I want to learn how deep reinforcement algorithm works and what time it takes to train itself for any given environment. I came up with a very simple example of environment:

There is a counter which holds an integer between 0 to 100. counting to 100 is its goal.

there is one parameter direction whose value can be +1 or -1. it simply show the direction to move.

out neural network takes this direction as input and 2 possible action as output.

  1. Change the direction
  2. Do not change the direction

1st action will simply flip the direction (+1 => -1 or -1 =>+1). 2nd action will keep the direction as it is.

I am using python for backend and javascript for frontend. It seems to take too much time, and still it is pretty random. i have used 4 layer perceptron. training rate of 0.001 . memory learning with batch of 100. Code is of Udemy tutorial of Artificial Intelligence and is working properly.
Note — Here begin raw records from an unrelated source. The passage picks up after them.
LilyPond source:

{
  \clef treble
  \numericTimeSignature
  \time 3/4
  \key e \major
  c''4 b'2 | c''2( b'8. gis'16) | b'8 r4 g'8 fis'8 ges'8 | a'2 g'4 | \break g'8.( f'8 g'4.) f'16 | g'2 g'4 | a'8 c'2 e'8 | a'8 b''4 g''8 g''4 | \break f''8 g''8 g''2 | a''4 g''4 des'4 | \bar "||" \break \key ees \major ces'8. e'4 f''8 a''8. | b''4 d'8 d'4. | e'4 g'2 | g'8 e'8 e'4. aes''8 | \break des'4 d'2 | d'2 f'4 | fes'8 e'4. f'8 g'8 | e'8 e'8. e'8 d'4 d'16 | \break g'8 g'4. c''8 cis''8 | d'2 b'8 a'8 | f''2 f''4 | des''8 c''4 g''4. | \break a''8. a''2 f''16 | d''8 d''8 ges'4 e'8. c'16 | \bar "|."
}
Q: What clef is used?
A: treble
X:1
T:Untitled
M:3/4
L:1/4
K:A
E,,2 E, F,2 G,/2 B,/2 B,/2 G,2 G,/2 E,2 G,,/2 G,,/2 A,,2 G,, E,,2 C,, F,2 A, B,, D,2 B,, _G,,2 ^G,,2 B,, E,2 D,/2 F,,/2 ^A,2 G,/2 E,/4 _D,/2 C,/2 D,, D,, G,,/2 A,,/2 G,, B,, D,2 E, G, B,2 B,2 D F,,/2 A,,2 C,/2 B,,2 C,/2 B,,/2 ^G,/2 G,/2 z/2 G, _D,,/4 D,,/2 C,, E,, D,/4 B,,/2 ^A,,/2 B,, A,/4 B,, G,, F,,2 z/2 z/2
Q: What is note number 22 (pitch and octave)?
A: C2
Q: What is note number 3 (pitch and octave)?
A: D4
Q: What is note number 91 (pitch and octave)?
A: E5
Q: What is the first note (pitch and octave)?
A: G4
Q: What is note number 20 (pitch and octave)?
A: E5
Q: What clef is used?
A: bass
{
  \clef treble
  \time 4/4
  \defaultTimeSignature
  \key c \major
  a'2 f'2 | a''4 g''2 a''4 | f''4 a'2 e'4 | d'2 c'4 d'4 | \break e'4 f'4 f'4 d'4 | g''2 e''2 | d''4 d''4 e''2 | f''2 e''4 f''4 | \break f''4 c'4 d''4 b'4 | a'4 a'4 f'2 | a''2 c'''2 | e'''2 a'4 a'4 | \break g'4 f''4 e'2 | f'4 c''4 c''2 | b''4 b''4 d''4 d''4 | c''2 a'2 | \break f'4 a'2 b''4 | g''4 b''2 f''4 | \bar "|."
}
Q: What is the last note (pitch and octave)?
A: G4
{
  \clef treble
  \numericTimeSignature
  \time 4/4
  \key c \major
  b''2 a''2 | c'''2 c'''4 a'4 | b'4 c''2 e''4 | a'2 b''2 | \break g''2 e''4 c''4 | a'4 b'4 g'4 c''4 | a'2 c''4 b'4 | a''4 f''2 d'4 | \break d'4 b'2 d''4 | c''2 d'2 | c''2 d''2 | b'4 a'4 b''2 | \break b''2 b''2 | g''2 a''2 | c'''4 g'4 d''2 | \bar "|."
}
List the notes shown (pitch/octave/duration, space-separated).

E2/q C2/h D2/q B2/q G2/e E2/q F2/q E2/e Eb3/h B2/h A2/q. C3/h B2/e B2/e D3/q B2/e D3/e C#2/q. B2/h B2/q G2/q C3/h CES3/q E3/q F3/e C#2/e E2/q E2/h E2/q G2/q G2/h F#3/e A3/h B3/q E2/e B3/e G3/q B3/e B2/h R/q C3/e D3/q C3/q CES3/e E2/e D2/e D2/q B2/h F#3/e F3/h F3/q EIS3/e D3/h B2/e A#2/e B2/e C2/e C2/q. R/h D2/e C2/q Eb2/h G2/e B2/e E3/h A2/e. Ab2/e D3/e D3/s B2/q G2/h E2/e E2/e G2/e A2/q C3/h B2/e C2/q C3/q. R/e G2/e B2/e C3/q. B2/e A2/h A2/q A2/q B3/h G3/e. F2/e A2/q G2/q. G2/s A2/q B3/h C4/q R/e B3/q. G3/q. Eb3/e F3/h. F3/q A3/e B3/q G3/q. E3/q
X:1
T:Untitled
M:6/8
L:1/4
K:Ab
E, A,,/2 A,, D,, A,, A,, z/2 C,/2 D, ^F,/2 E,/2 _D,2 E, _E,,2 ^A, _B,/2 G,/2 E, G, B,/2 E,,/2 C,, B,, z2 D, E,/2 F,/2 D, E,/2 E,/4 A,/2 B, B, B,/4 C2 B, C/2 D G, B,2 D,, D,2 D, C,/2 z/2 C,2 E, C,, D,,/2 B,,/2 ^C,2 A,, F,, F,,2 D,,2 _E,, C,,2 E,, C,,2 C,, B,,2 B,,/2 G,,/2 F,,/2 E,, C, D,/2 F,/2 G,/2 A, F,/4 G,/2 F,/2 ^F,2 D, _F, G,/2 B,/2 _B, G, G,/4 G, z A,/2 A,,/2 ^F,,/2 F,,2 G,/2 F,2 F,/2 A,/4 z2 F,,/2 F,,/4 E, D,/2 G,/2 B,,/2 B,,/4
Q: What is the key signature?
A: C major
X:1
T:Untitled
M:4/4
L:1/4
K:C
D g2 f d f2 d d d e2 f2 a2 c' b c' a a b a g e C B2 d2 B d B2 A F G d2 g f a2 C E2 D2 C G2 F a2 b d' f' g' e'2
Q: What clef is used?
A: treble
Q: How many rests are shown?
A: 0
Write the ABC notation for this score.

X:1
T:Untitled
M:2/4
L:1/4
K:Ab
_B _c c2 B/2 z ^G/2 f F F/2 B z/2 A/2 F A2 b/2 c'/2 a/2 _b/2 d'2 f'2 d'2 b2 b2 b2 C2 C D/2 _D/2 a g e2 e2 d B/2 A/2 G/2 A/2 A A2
My question is, What should be the reward for completion and for each state.? and how much time it is required to train simple example as that.?


Solution

  • In Reinforcement Learning the underlining reward function is what defines the game. Different reward functions lead to different games with different optimal strategies.

    In your case there are a few different possibilities:

    1. Give +1 for reaching 100 and only then.
    2. Give +1 for reaching 100 and -0.001 for every time step it is not at 100.
    3. Give +1 for going up -1 for going down.

    The third case is way too easy there is no long term planing involved. In the first too cases the agent will only start learning once it accidentally reaches 100 and sees that it is good. But in the first case once it learns to go up it doesn't matter how long it takes to get there. The second is the most interesting where it needs to get there as fast as possible.

    There is no right answer for what reward to use, but ultimately the reward you choose defines the game you are playing.

    Note: 4 layer perceptron for this problem is Big Time Overkill. One layer should be enough (this problem is very simple). Have you tried the reinforcement learning environments at OpenAI's gym? Highly recommend it, they have all the "classical" reinforcement learning problems.